I'd be good with the elimination of guiding on public land, and as as you mentioned, as long as the habitat money is for habitat I'd be good with a true State of Utah Habitat Stamp to.

I was just saying there should be huge fees for guiding on public land as they are taking way more than they are giving back in my opinion and this would be one way to off set that big gap if it were to continue.


----------



## Longgun (Sep 7, 2007)

agreed whole heartedly...


----------



## Mojo1 (Sep 8, 2007)

All out war on Phragmites 

Total ban on all public land guiding

Mandatory waterfowl id course, I for one, am sick of being asked what kind of duck is this all the time by inexperienced hunters. We can set it up similar to the swan course.

A rest area on every WMA, by rest area I mean no intrusion what so ever by hunters.


----------



## Fowlmouth (Oct 4, 2008)

Mandatory waterfowl ID course for conservation officers........I'm sick of arguing with some of these guys on what ducks I have bagged. True story folks......


----------



## TEX-O-BOB (Sep 12, 2007)

> I'd be good with the elimination of guiding on public land


What! What the hell does that hurt? What's next? Tell Doyal Moss he cant step foot on the Henries? Tell the Tines Up guys they can't go near the Pahvant... Besides, how many full time waterfowl guides ARE there? I only know of ONE that's worth his salt and he's given back PLENTY. We're nit picking at one tiny little facet of a HUGE problem. I don't think guides on WMA's is even an issue. Lets stick to what really matters. Phrag control, rest areas, and lots more H2O.


----------



## Mojo1 (Sep 8, 2007)

TEX-O-BOB said:


> > I'd be good with the elimination of guiding on public land
> 
> 
> What! What the hell does that hurt? What's next? Tell Doyal Moss he cant step foot on the Henries? Tell the Tines Up guys they can't go near the Pahvant... Besides, how many full time waterfowl guides ARE there? I only know of ONE that's worth his salt and he's given back PLENTY. We're nit picking at one tiny little facet of a HUGE problem. I don't think guides on WMA's is even an issue. Lets stick to what really matters. Phrag control, rest areas, and lots more H2O.
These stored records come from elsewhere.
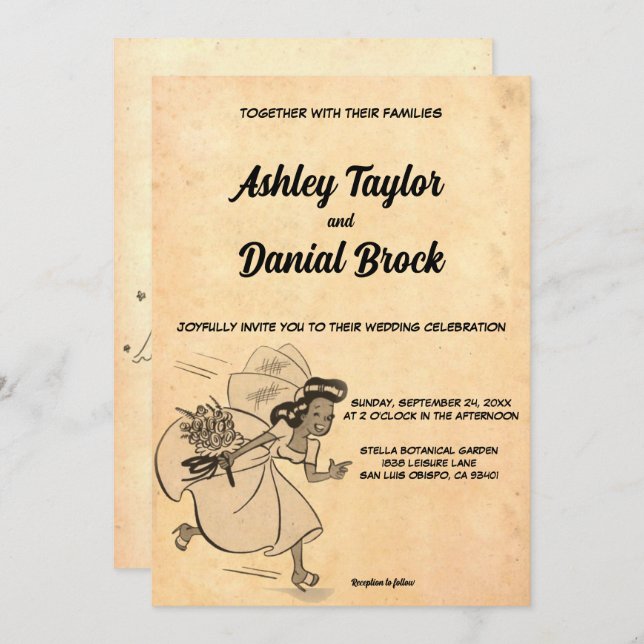 Invitación Viejo Retro Viejo Estilo Funny Boda Rústico de los (Anverso / Reverso)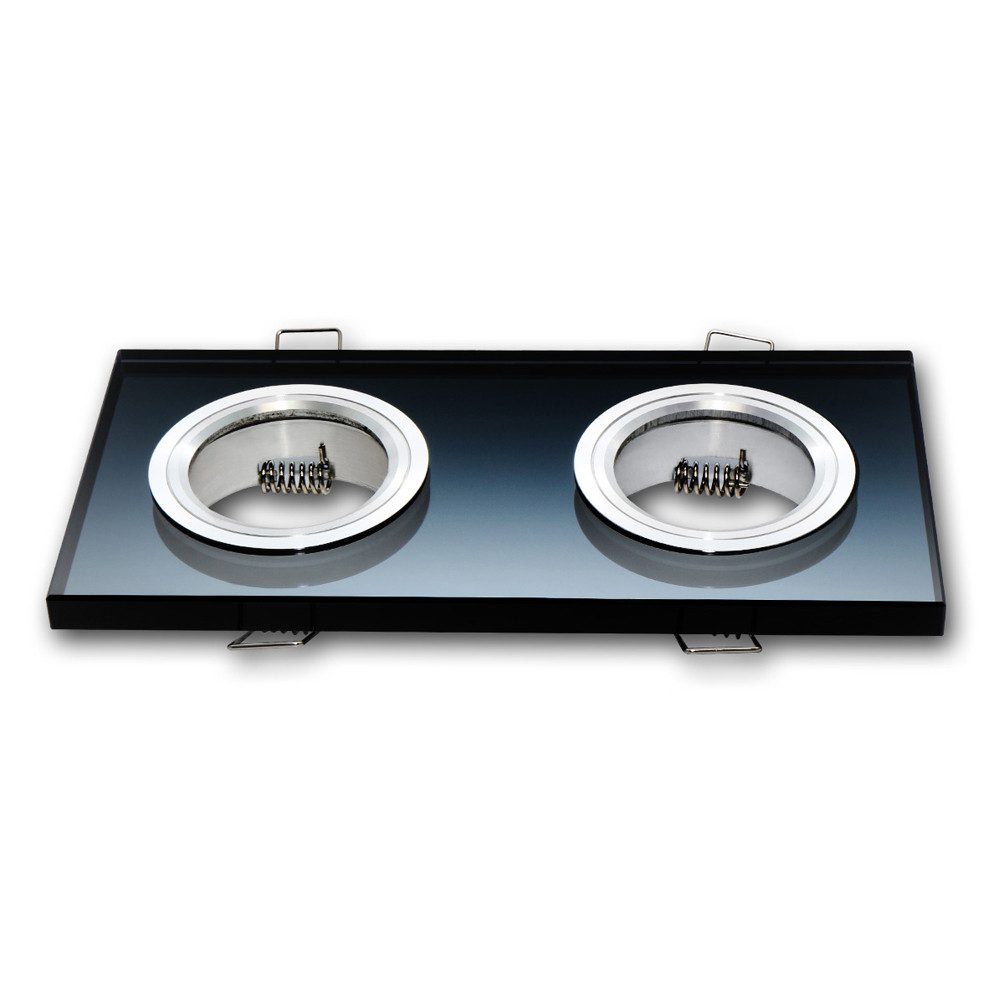 GTV LED Einbaustrahler 2er Doppel Einbaurahmen Glas Eckig schwarz 178 x 90 mm für GU10, GU10 2er Einbaurahmen Glas 178x90mm Lochmaß 143x62mm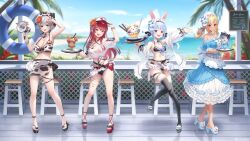 4girls :d absurdres animal_ears animal_print apron arm_up armpits artist_request bare_shoulders beach bell belt bikini bikini_skirt black_belt black_bikini black_shoes blonde_hair blue_dress blue_hair blue_shoes blue_sky blurry blurry_background bracelet breasts center_frills cleavage cloud commentary_request contrapposto cow_print cow_print_bikini cowbell criss-cross_halter day detached_collar dokuro-kun_(houshou_marine) double-parted_bangs dress elf english_text extra_ears flower frilled_apron frilled_bikini frilled_dress frills full_body green_eyes grey_hair hair_between_eyes hair_bun hair_flower hair_ornament halterneck hand_up heterochromia high_heels highres holding holding_megaphone holding_tray hololive hololive_fantasy holonatsu_paradise horizon houshou_marine houshou_marine_(holonatsu_paradise) jewelry large_breasts layered_dress long_hair looking_at_viewer maid maid_bikini maid_headdress medium_hair megaphone miniskirt mismatched_bikini multi-strapped_bikini_bottom multi-strapped_bikini_top multicolored_hair multiple_girls navel neck_bell off-shoulder_dress off_shoulder official_alternate_costume official_alternate_hair_length official_alternate_hairstyle official_art open_mouth orange_eyes outdoors outstretched_arm platform_heels pointy_ears print_bikini rabbit-shaped_pupils rabbit_ears rabbit_girl red_bikini red_eyes red_hair red_shoes second-party_source shiranui_flare shiranui_flare_(holonatsu_paradise) shirogane_noel shirogane_noel_(holonatsu_paradise) shirt shoes short_hair single_hair_bun skirt sky small_breasts smile standing stomach streaked_hair swimsuit symbol-shaped_pupils t-shirt tied_shirt tray twintails two-tone_hair unconventional_maid usada_pekora usada_pekora_(holonatsu_paradise) virtual_youtuber visor_cap waist_apron white_apron white_hair white_shirt yellow_eyes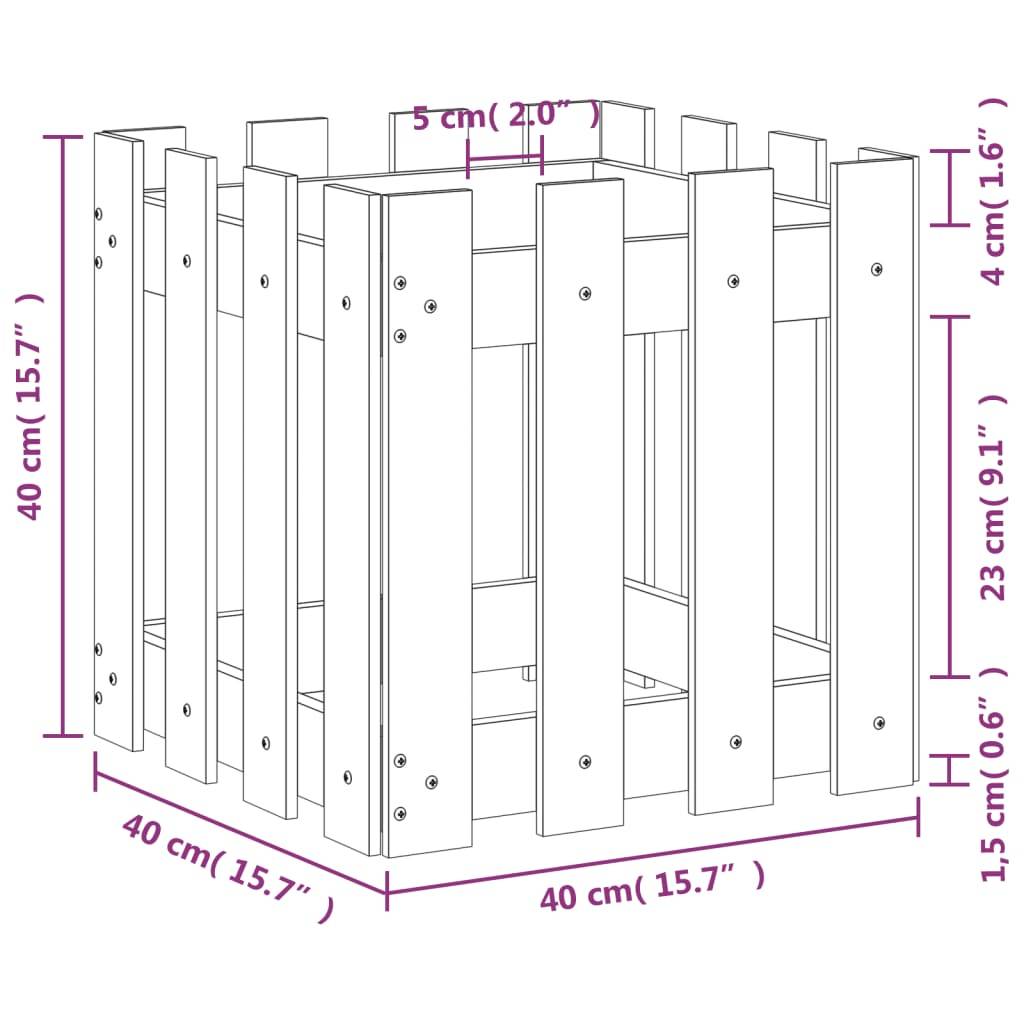 Prolenta Premium - Jardinière bois marron 40 x 40 x 40 cm - Prolenta premium p318.3 - Image 9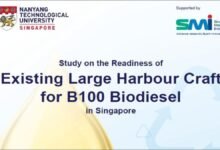 Large harbour craft sailing in Singapore waters.
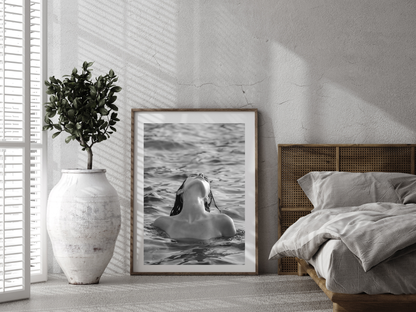 Woman Swimming in Ocean Black and White Minimalist Wall Art Digital Download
One is too many with all the overcrowding everyone complains about, and yes when I say ban them, I mean all, big game guides included! Its time to take the public land back!


----------



## Cody Freeman (Aug 30, 2011)

No new regulations or fees...we have enough of those already. How about putting up donation boxes that 100 percent of donations go toward phrag removal. You can have donation boxes at all the entrances to the WMA information centers and have signs that explain what phrag is and what it is doing to our marshes. The signs need to educate everyone on what we can do to prevent it from spreading, whether you use an air boat, a mud motor, or if your are a paddler or a foot soldier. Lets get our marshes back to what they used to be, then there will be plenty of room for everyone. I don't think we should regulate a certain group of individuals because of their means of transportation to where they hunt. If we need rest areas, then they need to be rest areas to all hunters, not just to those who use mud boats. If you turn my honey hole into a motorless spot, I will still be there three days a week if I have to hike, swim, or paddle to get there...And everyone i know with mud boats feels the same way. We are not just going to stay home if we cant take our mud boats out.


----------



## shaun larsen (Aug 5, 2011)

Fowlmouth said:


> Mandatory waterfowl ID course for conservation officers........I'm sick of arguing with some of these guys on what ducks I have bagged. True story folks......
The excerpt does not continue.